Bluetooth用の高音質コーデックの代表格といえばQualcommのaptXです。これまでは48kHz/24-bit対応が最高でしたが、Snapdragon 865から96kHz/24-bitに対応するそうです。これで多くのハイレゾ音源がカバーできそうです。
4種類存在するaptX
aptX自体は割と昔からある高音質コーデックで、Qualcommが買収する前のCSRの時代からありました。
色々な要望に応えた結果、現在では4種類のaptXが併存しています:
- aptX: 最初のaptX。Bluetooth標準のSBCやアップル製品が採用しているAACに比べて高音質で低遅延といわれている。
- aptX HD: ハイレゾ品質対応のaptX。48kHz/24-bit相当の品質に対応。
- aptX LL: 低遅延(LL: Low Latency)に特化したaptX。aptXが70~80ミリ秒の遅延なのに対して約半分の40ミリ秒の遅延。
- aptX Adaptive: これ以外のaptXの転送レートが固定なのに対して、転送レートが可変であるaptX。通信状態の品質によって変えることにより切れない音楽伝送を実現する。
aptX AdaptiveにSnapdragon 865で96kHz/24-bitのハイレゾ対応を行う
今回発表されたのはSnapdragon 865を使用したスマホでaptX Adaptive使用時に96kHz/24-bit相当のハイレゾ音楽再生を可能にするというものです。
これまでのaptX Adaptiveでは転送ビットレートは280kbpsから420kbpsの間で可変でした。280kbpsはCD相当、420kbpsは48kHz/24-bit相当だそうです。
これにより上述の通りスマホとイヤホンやヘッドホンの間の通信状態が良好な場合は良い品質で音楽を再生し、良好でないときは音楽が途切れないことを優先してビットレートを下げていました。
Snapdragon 865ではこのビットレートの上限を640kbpsに引き上げるそうです。これは96kHz/24-bit相当のハイレゾ音源再生に相当するそうです。
日本オーディオ協会の定義では96kHz/24-bitの再生ができて初めてハイレゾ対応だそうなので、これでaptX Adaptiveもハイレゾ対応といえます(定義にはいろいろありますが。。。)。

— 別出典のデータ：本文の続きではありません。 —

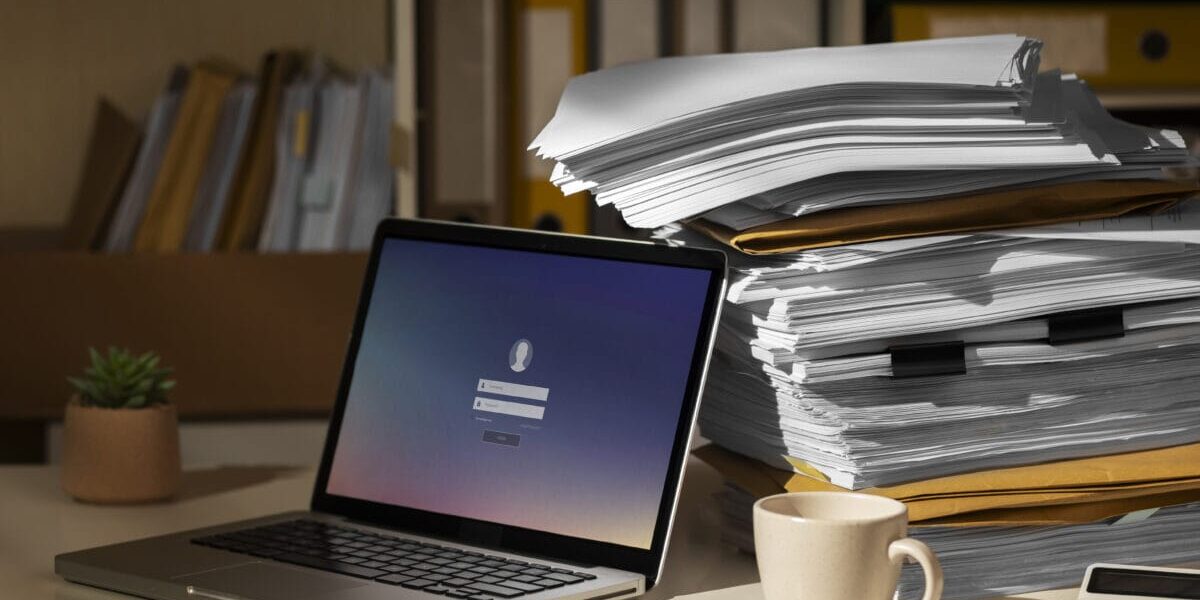 stack of documents and laptop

他社のハイレゾ対応Bluetoothコーデックにスペックで追いつく
ハイレゾ対応のBluetoothコーデックは他にソニーのLDACとHuaweiのHWAがあります。それらはどちらも96kHz/24-bit相当であったため、aptX Adaptiveもようやくこれでそれらにスペック上追いつくことになります。

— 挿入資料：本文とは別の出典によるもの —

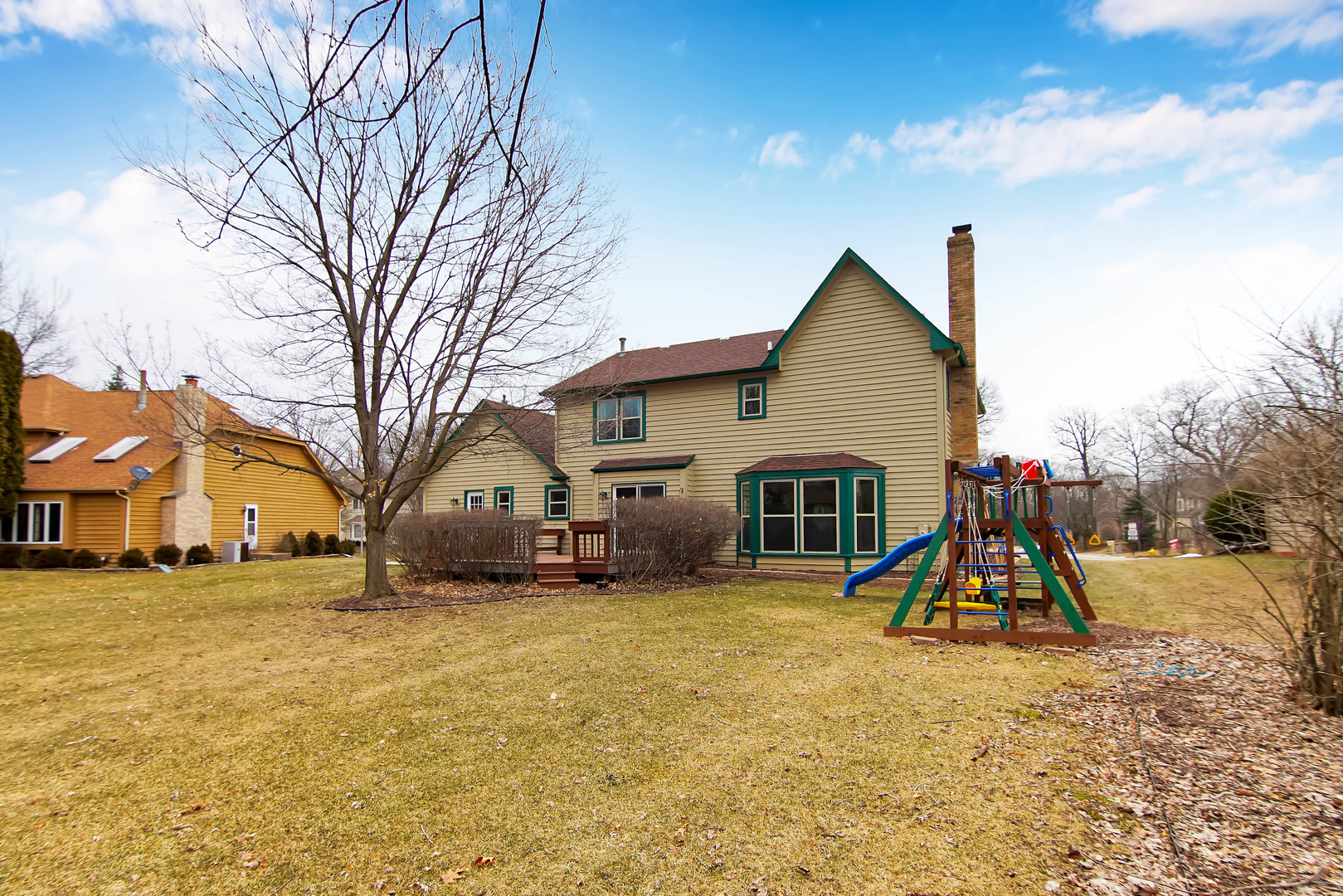 409 Delaware Circle Bolingbrook, IL 60440 - Photo 25 of 29 a view of a house with a yard and a large tree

また、LDACとHWAはビットレートが可変ではあるもののユーザーによる手動選択です。aptX Adaptiveは自動的に変化させるため、その意味ではLDACとHWAよりもモバイル機器としては使いやすいコーデックとも言えます。
ちなみに、最高ビットレートはLDACとHWAは900kbpsです。ビットレートですべてが決まるわけではないですが、最高ビットレートの点ではaptX Adaptiveはまだ劣ってはいます。
aptX Adaptive対応イヤホンはすでに発売されている
Qualcommとしては今後はスマホメーカーやイヤホンメーカーにaptX Adaptiveの採用を促していき、ゆくゆくは統一していきたいようです。
すでにaptX Adaptive対応のイヤホンも発売されています。たとえば、Bowers & Wilkins (B&W)のPX7がそれです:
また、スマホはSnapdragon 855およびSnapdragon 865では対応しており、たとえばシャープのAQUOS R3で対応しています。
まだまだイヤホン/ヘッドホンもスマホもハイエンドの機器しか対応していませんが、今後は広がりを見せていくことでしょう。
Bluetoothは音が悪いという時代は終わりを迎えるか
いまだにBluetoothといえば音が悪いといわれるのは初期のBluetooth機器のせいかと思います。
今では街を歩いていても完全ワイヤレスイヤホンを使っている人が多くいて、Bluetoothイヤホン自体は市民権を得ている感があります。
さらにこのaptX Adaptiveのような規格が普及すれば音質差についてとやかく言う人は減り、スマホにイヤホンジャックがないのが当たり前になっていきそうです。